The Metropolitan Orchestra | String Serenade
August 28, 2022, Marrickville Town Hall
Under the baton of the remarkably talented conductor, Sarah-Grace Williams, The Metropolitan Orchestra excelled itself in last Sunday afternoon’s concert at Marrickville Town Hall. Methinks the event provided those visiting the inner west with their very own ‘Swoon’ experience. And did those aldermen who built that wonderful edifice all those years ago have orchestral music in mind when the wooden sprung floor was installed? I think not. More like dances, balls and civic occasions where blokes sporting top hats and ladies adjusting their décolletage were thick on the ground.
Surely, an appreciation of ‘place’ also applies to music and its context? Even the most basic grasp of history can help us to understand influences on the likes of Bartók and Dvořák, as well as our own Mark Grandison. Yes, indeed, this concert dug deep into aspects of Australia’s social history (alcohol!), as much as it did central and east European peasant, folk culture in the late nineteenth century.

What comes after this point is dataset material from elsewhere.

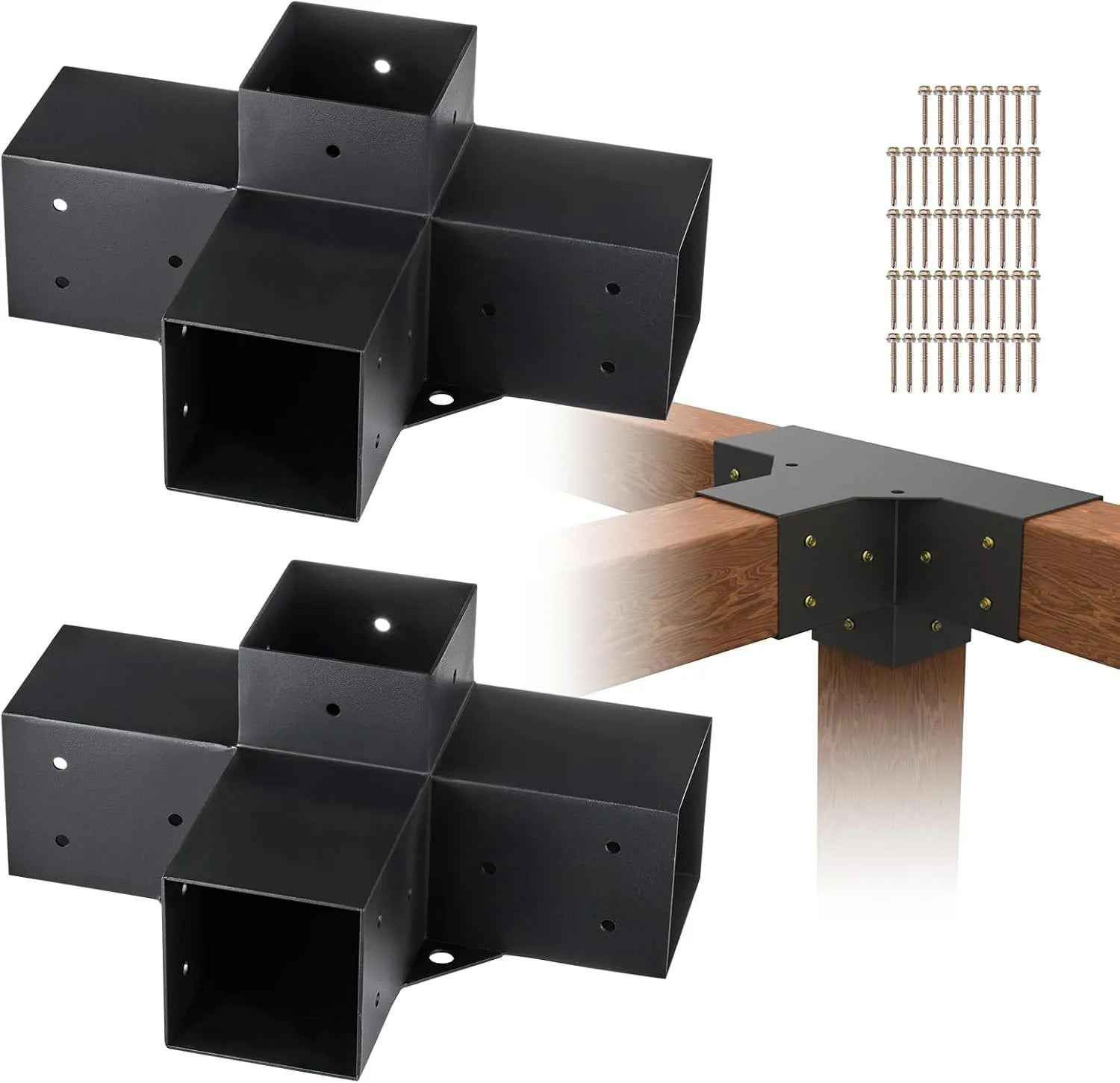 Ensemble de Supports pour Pergola en Bois 10x10 cm - Base Renforcée à 4 Voies pour Tonnelles et Cabanes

On offer this gloriously sunny Sydney afternoon was certain to attract a good crowd, and judging by three curtain calls it sent sparks and shivers in all directions. I should know, because from where I sat in the commanding heights of the gallery, furiously peddling away on my laptop, there was not one fidgeting individual in the house, including the kids along for the musical ride. Williams started as she meant to go on, boldly and always in control. Never once did she let those players champing at the bit ‘get away’. Such confidence and poise, touching the air with those expressive hands, dancing aloft with that magic wand-of-a-baton. Lyrical and fluid of movement she was, reminding me of a ballet dancer en pointe, with the orchestra as corps de ballet!
Music as spectacle, and music that touches the soul.
The tasty dish served as entrée for this joyous feast was Béla Bartók’s Romanian Folk Dances. The opening movement always brings a lump to my throat. Strange, but it makes me feel both happy and sad, so beautiful and hauntingly melancholic are its strains and imaginative leap into a way of life that is all but now extinct. Is that what being a so-called ‘romantic’ means? How those musicians enjoyed themselves, especially the young lady viola player on the back line with the deeply henna’d hair. There’s no better sight – for me at least – of performers bending and swaying in tune and time. I could bang on here for pages, but that’s not my brief. If you’re keen to see another delightful interpretation of these folk dances then check out the YouTube video of the Danubia Orchestra, uploaded in July 2010. Take note of the last movement in particular. Pure tziganes, and unashamedly pieds en l’air, if you get what I mean.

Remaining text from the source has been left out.